Цивилизацию Толстой определяет ясно: как «отсутствие потребности сближения, и одинаковое довольство в удобном и приятном удовлетворении своих потребностей», как «сознание собственного благосостояния и совершенное отсутствие внимания ко всему окружающему, что не прямо относится к собственной особе» (3,9). Цивилизация признаёт лишь одно: «Спросите у кого хотите, у всех этих обитателей Швейцергофа: что лучшее благо в мире? и все, или девяносто девять на сто, приняв сардоническое выражение, скажут вам, что лучшее благо мира— деньги. «Может быть, мысль эта вам не нравится и не сходится с вашими возвышенными идеями,— скажет он,— но что ж делать, если жизнь человеческая так устроена, что одни деньги составляют счастье человека...» (3,27).

Цивилизация калечит людей: разъединяет их, и они «лишают себя одного из лучших удовольствий жизни, наслаждения друг с другом, наслаждения человеком» (3,10). Цивилизация искажает все критерии оценки. «...В обществе лакей одет лучше певца и безнаказанно оскорбляет его. Я лучше одет лакея и безнаказанно оскорбляю лакея. Швейцар считает меня выше, а певца ниже себя...» (3,30). Но иначе и быть не может: поскольку цивилизация есть превозношение сокровищ на земле, то и критерием оценки человека неизбежно должно стать количество стяжанных им сокровищ (а одежда и положение— показатель того).

Если бы критика Толстым цивилизации (как и критика его предшественника, Руссо) основывалась бы на таком осмыслении, её можно было бы назвать подлинно христианской. Однако Толстой уже в ранних своих произведениях, очень часто по внешности совпадая с христианской точкой воззрения на мир, по существу внеположен ей. Он противопоставляет земным сокровищам не небесные , но натуральные . Своего рода символом такого противопоставления становятся слова бродячего певца, не без сочувствия выслушанные рассказчиком:  «...мы не хотим республики, а мы хотим... мы хотим просто... мы хотим...— он замялся немного,— мы хотим натуральные законы» (3,23).
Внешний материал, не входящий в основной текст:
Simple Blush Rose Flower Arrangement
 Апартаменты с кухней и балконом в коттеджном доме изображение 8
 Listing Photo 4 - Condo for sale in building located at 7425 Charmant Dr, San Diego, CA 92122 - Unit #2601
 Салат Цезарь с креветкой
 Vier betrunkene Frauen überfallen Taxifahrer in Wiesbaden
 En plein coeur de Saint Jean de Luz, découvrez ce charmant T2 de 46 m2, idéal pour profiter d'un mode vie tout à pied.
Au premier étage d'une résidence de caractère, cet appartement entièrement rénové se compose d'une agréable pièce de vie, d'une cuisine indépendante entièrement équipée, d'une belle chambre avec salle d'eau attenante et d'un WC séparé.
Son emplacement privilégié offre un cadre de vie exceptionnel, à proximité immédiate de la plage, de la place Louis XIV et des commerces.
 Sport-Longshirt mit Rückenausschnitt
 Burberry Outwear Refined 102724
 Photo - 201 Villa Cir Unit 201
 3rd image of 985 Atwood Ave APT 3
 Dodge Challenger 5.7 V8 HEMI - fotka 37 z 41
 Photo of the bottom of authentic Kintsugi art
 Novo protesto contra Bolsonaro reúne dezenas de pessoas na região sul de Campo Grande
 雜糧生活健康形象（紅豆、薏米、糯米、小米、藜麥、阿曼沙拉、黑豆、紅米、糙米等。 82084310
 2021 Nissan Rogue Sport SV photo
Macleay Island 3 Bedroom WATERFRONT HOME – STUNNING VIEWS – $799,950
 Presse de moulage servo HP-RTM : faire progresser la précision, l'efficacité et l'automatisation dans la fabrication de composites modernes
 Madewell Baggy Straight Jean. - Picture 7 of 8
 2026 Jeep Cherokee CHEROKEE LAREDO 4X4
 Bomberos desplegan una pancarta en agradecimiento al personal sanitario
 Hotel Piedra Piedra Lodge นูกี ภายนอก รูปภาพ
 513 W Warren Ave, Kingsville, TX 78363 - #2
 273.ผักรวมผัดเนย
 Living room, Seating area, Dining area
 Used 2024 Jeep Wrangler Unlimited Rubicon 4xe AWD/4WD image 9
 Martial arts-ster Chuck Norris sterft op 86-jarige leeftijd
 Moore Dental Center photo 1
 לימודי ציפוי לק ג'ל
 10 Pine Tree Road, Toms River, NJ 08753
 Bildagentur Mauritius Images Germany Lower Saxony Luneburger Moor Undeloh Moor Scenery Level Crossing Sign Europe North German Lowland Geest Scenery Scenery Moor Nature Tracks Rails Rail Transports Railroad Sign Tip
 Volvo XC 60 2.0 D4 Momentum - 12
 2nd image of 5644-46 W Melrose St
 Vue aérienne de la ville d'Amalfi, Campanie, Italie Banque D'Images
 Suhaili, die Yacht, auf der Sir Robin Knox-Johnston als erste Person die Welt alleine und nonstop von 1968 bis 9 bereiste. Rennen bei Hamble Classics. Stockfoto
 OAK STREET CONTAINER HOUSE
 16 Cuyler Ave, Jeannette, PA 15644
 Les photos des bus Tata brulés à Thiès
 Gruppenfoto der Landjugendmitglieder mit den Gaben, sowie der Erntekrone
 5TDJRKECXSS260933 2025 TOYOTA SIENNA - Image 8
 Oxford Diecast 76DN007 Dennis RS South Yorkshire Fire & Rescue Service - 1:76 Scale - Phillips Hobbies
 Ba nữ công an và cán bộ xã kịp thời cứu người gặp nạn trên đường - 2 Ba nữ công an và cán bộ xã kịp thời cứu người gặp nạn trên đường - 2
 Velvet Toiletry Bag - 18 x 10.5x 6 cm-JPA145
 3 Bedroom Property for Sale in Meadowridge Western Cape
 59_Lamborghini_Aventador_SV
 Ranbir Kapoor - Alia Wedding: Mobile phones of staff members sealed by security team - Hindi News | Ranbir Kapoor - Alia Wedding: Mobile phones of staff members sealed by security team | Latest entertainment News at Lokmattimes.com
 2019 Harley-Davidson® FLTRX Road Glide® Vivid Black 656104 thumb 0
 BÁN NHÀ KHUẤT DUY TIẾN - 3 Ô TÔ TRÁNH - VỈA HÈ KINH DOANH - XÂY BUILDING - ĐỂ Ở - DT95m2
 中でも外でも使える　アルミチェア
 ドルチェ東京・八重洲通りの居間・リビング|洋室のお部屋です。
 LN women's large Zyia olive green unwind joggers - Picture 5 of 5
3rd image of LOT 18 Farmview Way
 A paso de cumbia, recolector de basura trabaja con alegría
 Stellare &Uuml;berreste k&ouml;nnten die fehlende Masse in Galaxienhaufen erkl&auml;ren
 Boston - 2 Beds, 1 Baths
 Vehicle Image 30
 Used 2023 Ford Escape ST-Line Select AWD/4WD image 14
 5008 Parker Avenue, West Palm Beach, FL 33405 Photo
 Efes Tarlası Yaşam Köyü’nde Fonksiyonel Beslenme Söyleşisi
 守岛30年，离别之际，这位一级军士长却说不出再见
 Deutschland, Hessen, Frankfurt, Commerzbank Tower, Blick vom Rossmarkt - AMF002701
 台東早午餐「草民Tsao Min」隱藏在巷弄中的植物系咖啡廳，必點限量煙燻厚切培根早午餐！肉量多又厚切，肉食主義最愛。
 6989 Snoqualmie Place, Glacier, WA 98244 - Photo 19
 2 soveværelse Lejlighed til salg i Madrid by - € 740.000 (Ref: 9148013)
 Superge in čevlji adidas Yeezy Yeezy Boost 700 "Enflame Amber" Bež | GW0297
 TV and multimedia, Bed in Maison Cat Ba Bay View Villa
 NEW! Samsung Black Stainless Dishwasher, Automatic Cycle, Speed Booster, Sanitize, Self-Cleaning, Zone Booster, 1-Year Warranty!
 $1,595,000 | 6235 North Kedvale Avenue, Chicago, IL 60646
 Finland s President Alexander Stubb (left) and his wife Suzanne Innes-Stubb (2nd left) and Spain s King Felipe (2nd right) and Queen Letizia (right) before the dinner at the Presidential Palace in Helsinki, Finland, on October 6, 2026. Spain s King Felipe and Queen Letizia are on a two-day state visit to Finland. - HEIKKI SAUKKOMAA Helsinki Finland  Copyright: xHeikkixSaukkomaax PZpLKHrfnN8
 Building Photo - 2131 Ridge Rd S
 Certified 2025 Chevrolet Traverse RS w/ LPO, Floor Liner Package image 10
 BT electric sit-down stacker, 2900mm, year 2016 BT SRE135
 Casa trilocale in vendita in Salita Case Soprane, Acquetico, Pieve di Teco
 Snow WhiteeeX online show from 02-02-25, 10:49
Размышляя об истинной душевной природе человека, скрытой мутными искажающими воздействиями цивилизации, рассказчик предполагает: «И ведь все эти люди не глупые же и не бесчувственные, а, напротив, у многих из этих замёрзших людей происходит такая же внутренняя жизнь, как и во мне, у многих и гораздо сложнее и интереснее» (3,10). Ведь это очень напоминает известное рассуждение Достоевского (в «Дневнике писателя» за январь 1876 года) об истинной сущности гостей на некоем балу, внешне слишком непривлекательных, но несущих в себе прекрасные задатки: «Но беда ваша в том, что вы сами не знаете, как вы прекрасны! Знаете ли, что даже каждый из вас, если б только захотел, то сейчас бы мог осчастливить всех в этой зале и всех увлечь за собой? И эта мощь есть в каждом из вас, но до того глубоко запрятанная, что давно уже стала казаться невероятною» (22,12-13). И всё же между двумя этими суждениями— различие принципиальное.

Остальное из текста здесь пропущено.